The Human Factor

Fast data processing so far has been a purely technically driven topic. It had a clear focus on mastering technology to provide reliable and robust frameworks for working with moving data. From that perspective things made pretty good progress as hard challenges like “exactly once processing” were solved (see the data Artisans blog on how Apache Flink solves this).

Now it is the time to look forward into a future where data processing is not just getting faster but streaming technologies are having a significant impact on the implementation of what John Launchbury (director of DARPA’s information innovation office (I2O)) calls the third wave of AI systems (https://www.youtube.com/watch?v=-O01G3tSYpU). In this context the construction of explanatory models for classes of real world phenomena to introduce contextual adaption requires a constant development over time – a perfect match for stream processing.

Before we lose ourselves in the future, let’s get back to the present. Although sophisticated technologies are available and could help to make significant progress we are actually quite hesitant or relinquish to apply them. Why?

During a presentation someone asked me about unique use cases for stream processing technologies that may not be implemented with batch oriented approaches.

At first I was a bit puzzled as I could not come up with an ad-hoc answer, especially one that does not sound too sophisticated, like supporting explanatory models. Although I could have pointed towards fraud detection or behavior driven recommendation systems, these are not those exclusive set of use cases expected by the inquirer.

Finally my answer was that there might be some special use cases but for now fast data adds a pretty important aspect to existing cases: the timeliness of data.

Most current cases are based on historical data collected and provided through batch processes based on the concept of data-at-rest. To make significant progress compared to any competitor is to come up with services based on more current data. This is where data-in-motion enters the scene.

But that still leaves us with the question why transforming businesses and processes from data-at-rest towards data-in-motion happens so sluggishly. Is it simply a question about technology? Probably not as frameworks like akka are around for quite a while now and even newer ones like Apache Flink matured into mainstream recently.

From my point of view and what I have experienced so far this is neither a technology thing nor it is a question on budget and resources. It is more a human factor.

People tend to stick with traditions, existing processes and proven knowledge. At some time they were trained to work with SQL on data-at-rest and they were introduced to the concept of reproducible operation results.

However these characteristics – data persistency and reproducible results – are removed from stream processing architectures and were replaced by uncertainty and time: it is not for sure when an information arrives and if it is received at all. Furthermore data must be processed right the moment it is available since it is immediately replaced by the next event as it occurs.

Although adding temporary caches or mixing in data from persistent storages is a well established approach people must deal with the nature of this paradigm to fully understand and leverage it.
To turn your fast data architecture into a success do not only tackle architectural questions but put focus on the people who are going to use your platform in the future. Let them embrace the future, meet their fears and make them first class citizens of your platform.

From Data At Rest To Data In Motion – Reasons From A High-Level Business Perspective

Clive Humby coined in 2006 the phrase “data is the new oil”. As this was already true for companies like Google and Facebook it was the promotion of Hadoop into the state of an Apache top level project in 2008 which made a technology accessible to a broader public to turn his vision into global reality.

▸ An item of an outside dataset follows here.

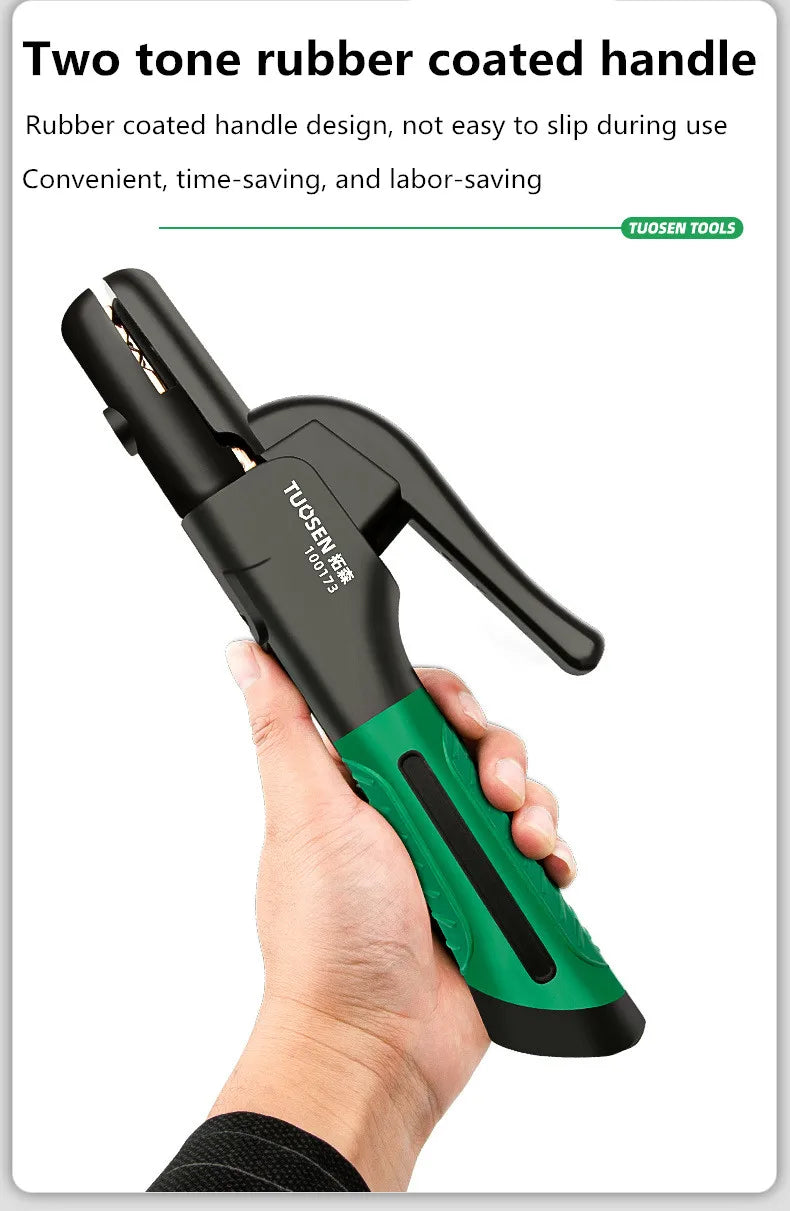 Schweißen Elektrode Halter 600A/800A Heavy Duty Backen Halten Zange Elektrode Clamp Stick Schweißen Hand-gehalten Maschine schweißer Werkzeuge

For the years to come companies began to collect as much data as possible from a variety of sources with the hope in mind that it may turn into gold some time if just the right algorithm was applied to it.

Some figured out how to transform raw data to business insights others are still struggling with the same question while their mostly uncatalogued data is getting (c)older and less valuable.

Although data of the aforementioned companies is aging as well, they still know how to turn it into action and keep up with the market. But as they develop a false sense of security the next evolutionary stage is around the corner.

Not to stay with the market but getting ahead of it requires immediate insights from data generated just the other moment. That is why we are currently seeing an emerging development from data at rest (batch mode processing) to data in motion (stream processing).

Like in the oil business it is not only about owning the raw material but it requires to master the refinement process as well in order to be successful.

In contrast to the early stages of big data processing this phase does not only require a new technology but demands for a paradigm shift as well.

While processing was bound to stable datasets, could be performed with a widely known language based on set theory (SQL) and provided reproducible results, working with data in motion is more complex as time, context and uncertainty are significant characteristics.

Thus evolving a big data architecture by adding the concepts of data in motion must go hand in hand with a significant shift in how data is understood and worked with.

Although both aspects imply changes the latter is the most important as a technology simply provides the foundation but it is the person who exploits it that is turning data to insights and finally to revenue.

Like any evolutionary step this one implies a cultural change as well.

The mission of this project or blog is to shed some light on the aspects of fast data architectures and provide a practical guide on how to turn them into a success – from a technological as well as cultural perspective.